Basically available: The availability of the system even in case of failures represents a strong feature of the BASE model.
Soft state: No strong consistency is provided and clients must accept stale state under certain circumstances.
Eventually consistent: Consistency is provided in a "best effort" manner, yielding a consistent state as soon as possible.

The optimistic behaviour of BASE represents a best effort approach towards consistency, but is also said to be simpler and faster. Availability and scaling capacities are primary objectives at the expense of consistency. This has an impact on the application logic, as the developer must be aware of the possibility of stale data. On the other hand, favoring availability over consistency has also benefits for the application logic in some scenarios. For instance, a partial system failure of an ACID system might reject write operations, forcing the application to handle the data to be written somehow. A BASE system in turn might always accept writes, even in case of network failures, but they might not be visible for other nodes immediately. The applicability of relaxed consistency models depends very much on the application requirements. Strict constraints of balanced accounts for a banking application do not fit eventual consistency naturally. But many web applications built around social objects and user interactions can actually accept slightly stale data. When the inconsistency window is on average smaller than the time between request/response cycles of user interactions, a user might not even realize any kind of inconsistency at all.

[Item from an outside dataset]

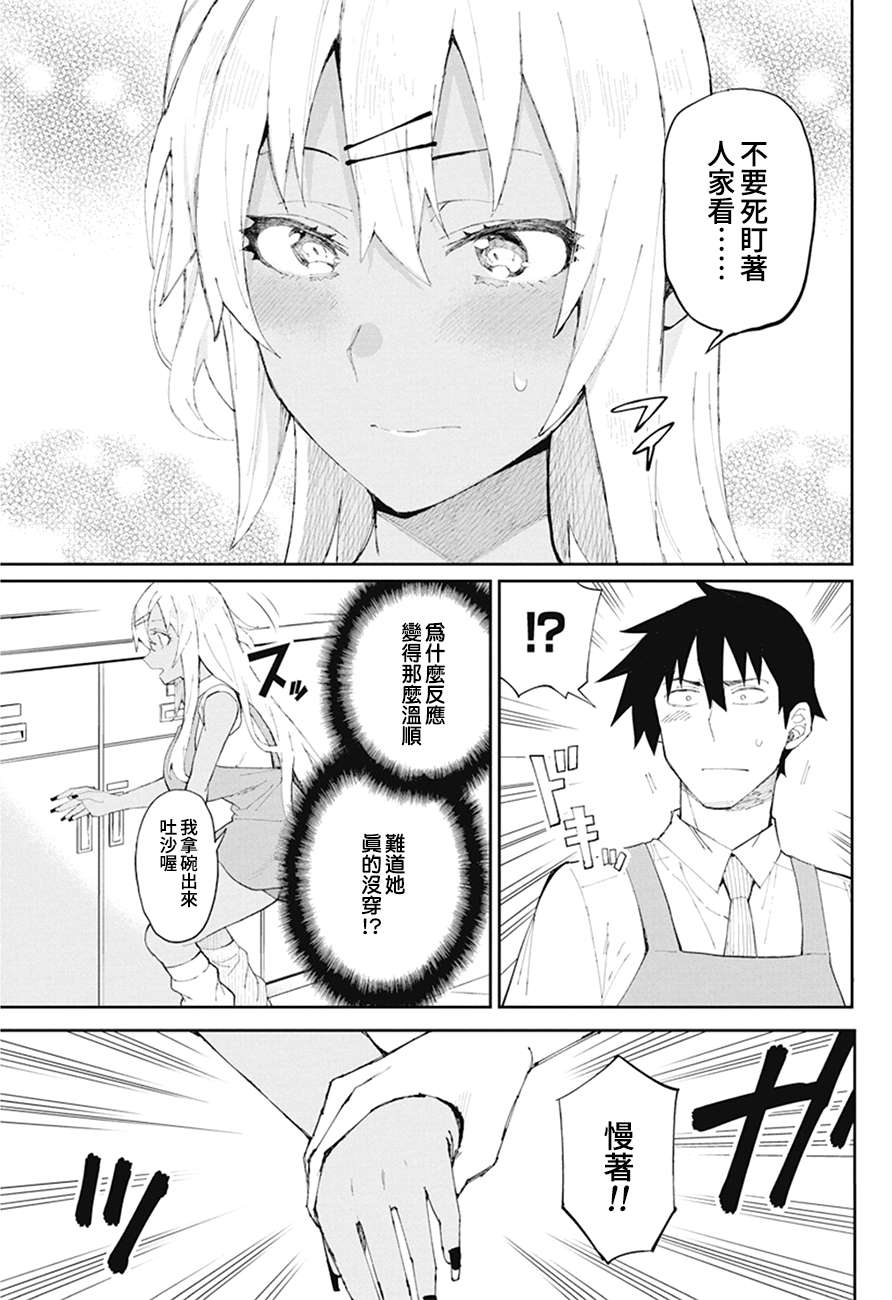 《辣妹饭》漫画最新章节特别篇免费下拉式在线观看章节第【11】张图片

For application development, there are several more specific variants of eventual consistency that give the developers certain types of promises and allow to reason more easily about relaxed consistency inside the application logic [Vog08]. When causal consistency is provided, operations that might have a causal relation are seen in the same sequence by all nodes. Read-your-writes consistency ensures that a client will always see the new value after having updated it, and never again an older value. Session consistency is a variant of the read-your-writes consistency, that limits the behavior to a certain client session. It hence requires session affinity inside the system, but can be helpful for developers. The guarantee of monotonic read consistency is that after a read operation, any subsequent read must not yield older values. Similarly, monotonic write consistency guarantees to serialize write operations of a single client. Not providing this guarantee represents a severe issue for application developers, making it very difficult to reason about states.

Some of these consistencies can be combined or are subset of others. Providing both monotonic read and read-your-writes consistency provides a reasonable foundation for developing applications based on eventual consistency.

As eventual consistency entails the possibility of data conflicts, appropriate resolution mechanisms must be employed. Often, conflict resolution is also part of the application logic, and not only provided by the database system. In general, conflicts are resolved either on read or write operations, or asynchronously in the background, decoupled from client operations.